Entanglement Entropy and Cauchy-Hadamard Renormalization

TL;DR

This paper offers a geometric and purely mathematical approach to understanding entanglement entropy in conformal field theory by relating partition functions on singular surfaces to correlation functions of primary fields.

Contribution

It introduces a Cauchy-Hadamard renormalization method for Polyakov anomaly integrals and connects partition functions on branched covers to primary field correlations in CFT.

Findings

Partition functions on conical singularities are related to primary field correlations.

The approach provides a mathematical interpretation of entanglement entropy results.

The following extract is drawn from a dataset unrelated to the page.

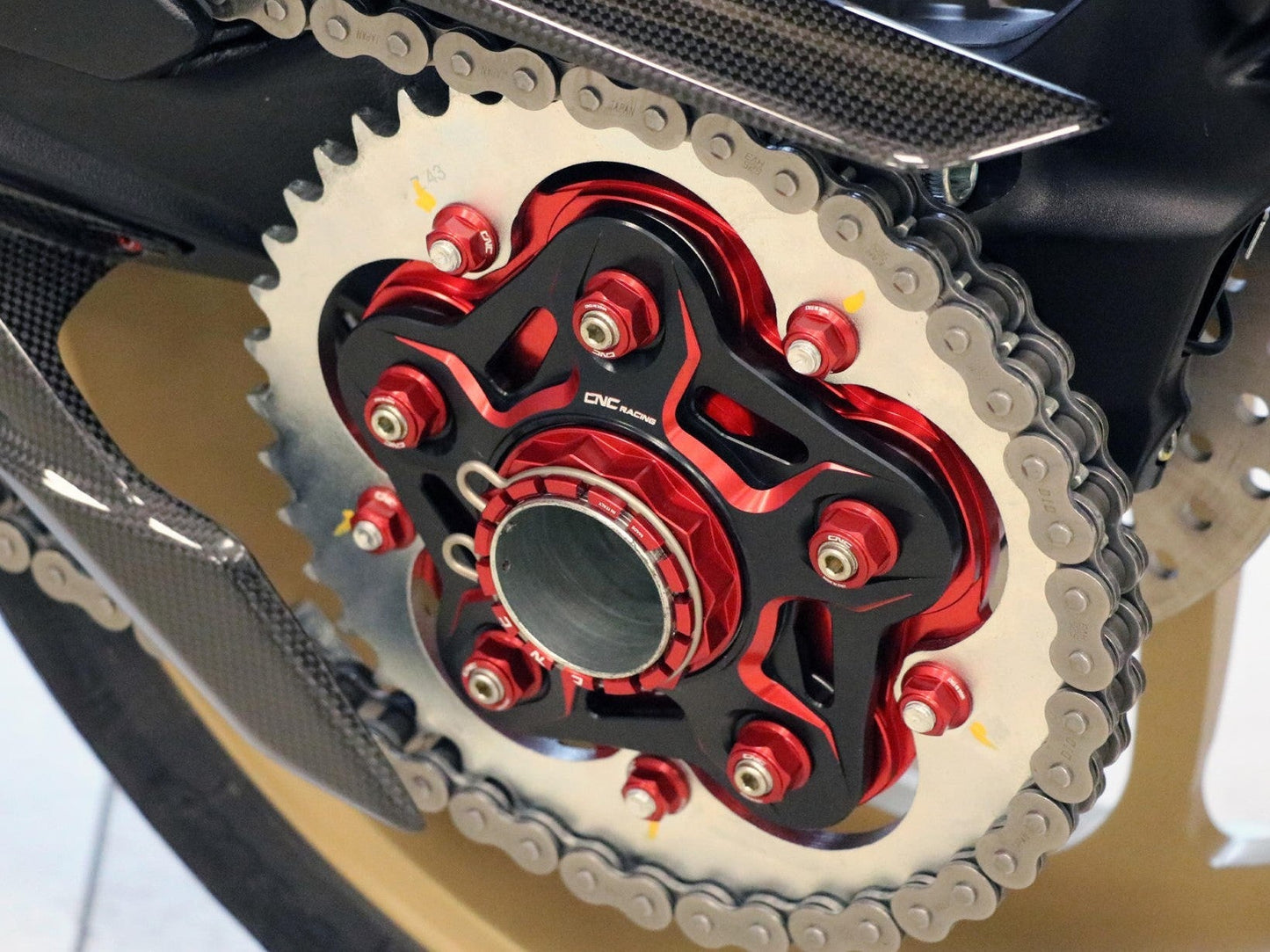 FL508 - CNC RACING MV Agusta Rear Sprocket Flange (carrier; 5 holes) – Accessories in the Factory Racing Motorcycle Aftermarket Accessories and Parts Online Shop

The method generalizes the replica trick using geometric constructions.

Abstract

This note presents a purely geometric construction of the so-called twist-field correlation functions in Conformal Field Theory (CFT), derived from conical singularities. This approach provides a purely mathematical interpretation of the seminal results in physics by Cardy and Calabrese on the entanglement entropy of quantum systems. Specifically, we begin by defining CFT partition functions on surfaces with conical singularities, using a ``Cauchy-Hadamard renormalization'' of the Polyakov anomaly integral. Next, we demonstrate that for a branched cover $f:\Sigma_d\to \Sigma$ with $d$ sheets, where the cover inherits the pullback of a smooth metric from the base, a specific ratio of partition functions on the cover to the base transforms under conformal changes of the base metric in the same way as a correlation function of CFT primary fields with specific conformal weights. We also provide a discussion of the physical background and motivation for entanglement entropy, focusing on path integrals and the replica trick, which serves as an introduction to these ideas for a mathematical audience.